Tuve un orgasmo a lo bestia, derramando mi semilla a borbotones por su garganta. Ella cerrando los ojos susurró ¡mmm…!, engulléndosela toda mientras se metía más adentro mi polla cada vez que se la tragaba.
—¡Madre… mía… Paula! —exclamé mientras me corría. El corazón me martilleaba en el pecho con fuerza y brutalidad.
Después de tragarse mi miembro hasta el fondo por última vez, se lo sacó de la boca. Me besó en el glande y al hacerlo la polla se me movió por sí sola, lo cual pareció divertirle, porque soltó unas risitas y luego me lo volvió a besar.
—¿Dónde diablos has aprendido a metértela hasta el fondo de la garganta? —quizá debería haber esperado a respirar con normalidad antes de preguntárselo, pero quería saberlo enseguida—. Yo no te lo he enseñado.
Paula se encogió de hombros, limpiándose la comisura de la boca.
—Dolores me explicó cómo hacerlo y se me ocurrió probarlo. ¿Por qué? ¿Es que no te ha gustado? ¿Es que he hecho algo mal?
¡Dolores se había ganado mi perdón con creces!
Paula me miró tan preocupada que me enterneció. La abracé y le di un apasionado beso antes de pegar mi frente a la suya.

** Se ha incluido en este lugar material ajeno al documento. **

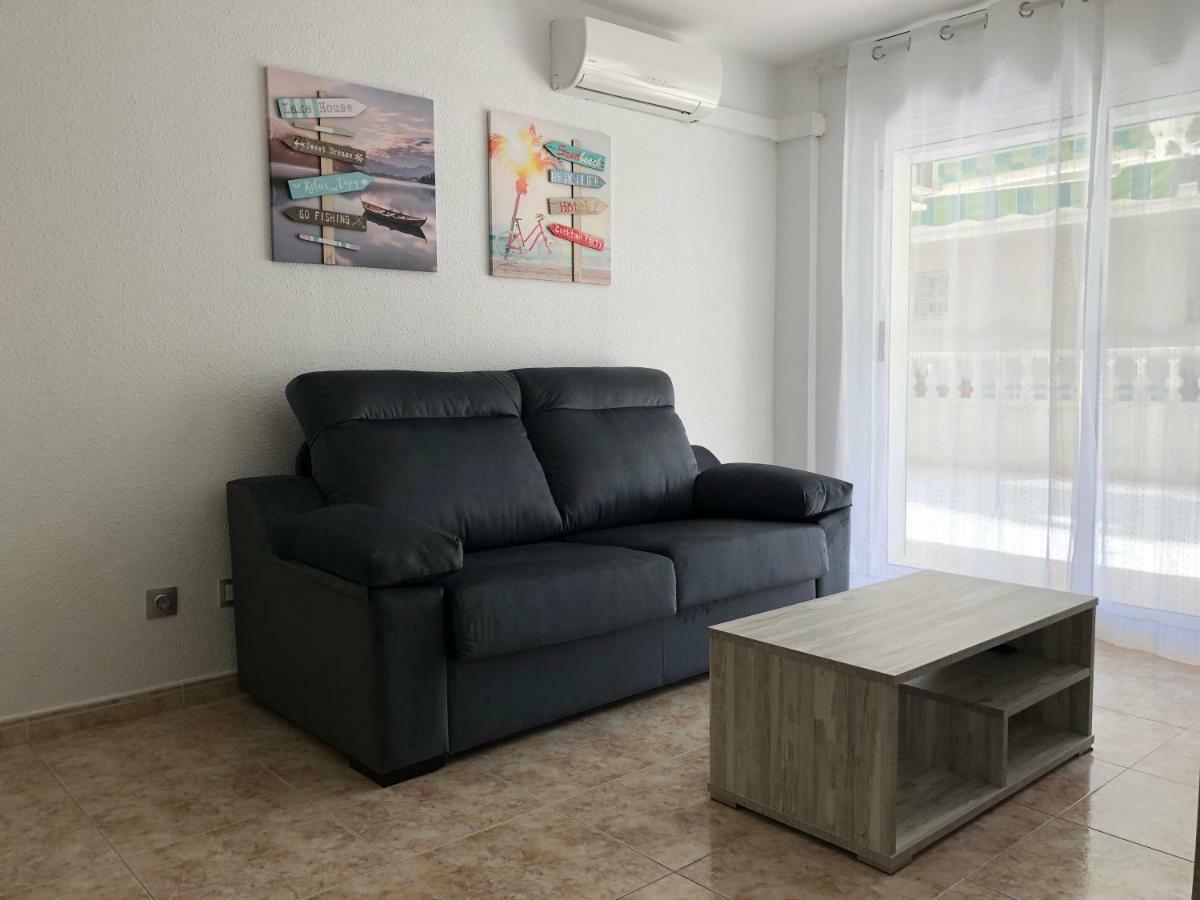 Appartement Mexico Salou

—Lo has hecho de puta madre, Pau. Ha sido una gozada.
Sí, la llamé Pau. Quería ver cómo reaccionaría.
Quedándose con los ojos abiertos de par en par, se separó de mí.
—Paula —me corrigió de manera cortante y luego se levantó, cogió las bolsas y se alejó.
Me metí la polla rápidamente dentro del calzoncillo y salí corriendo tras ella.
—¡Vaya!, ¿o sea que Samuel y Dolores pueden llamarte Pau y yo no? ¿A qué viene esto?
—Ellos no han pagado dos millones de dólares para poseerme durante dos años. No son mi jefe sino mis iguales, unos humildes sirvientes a los que pagas para que se ocupen de satisfacer todas tus necesidades.
—¿Es que te has vuelto loca? —exclamé poniéndome en jarras. Mi gesto hizo que Paula se fijara en mi entrepierna y se la quedara mirando, yo iba todavía con los pantalones y el cinturón desabrochados.
—Es lo que hay, Pedro. Es lo que hay —respondió dando media vuelta, y subiendo las escaleras puso fin a la conversación.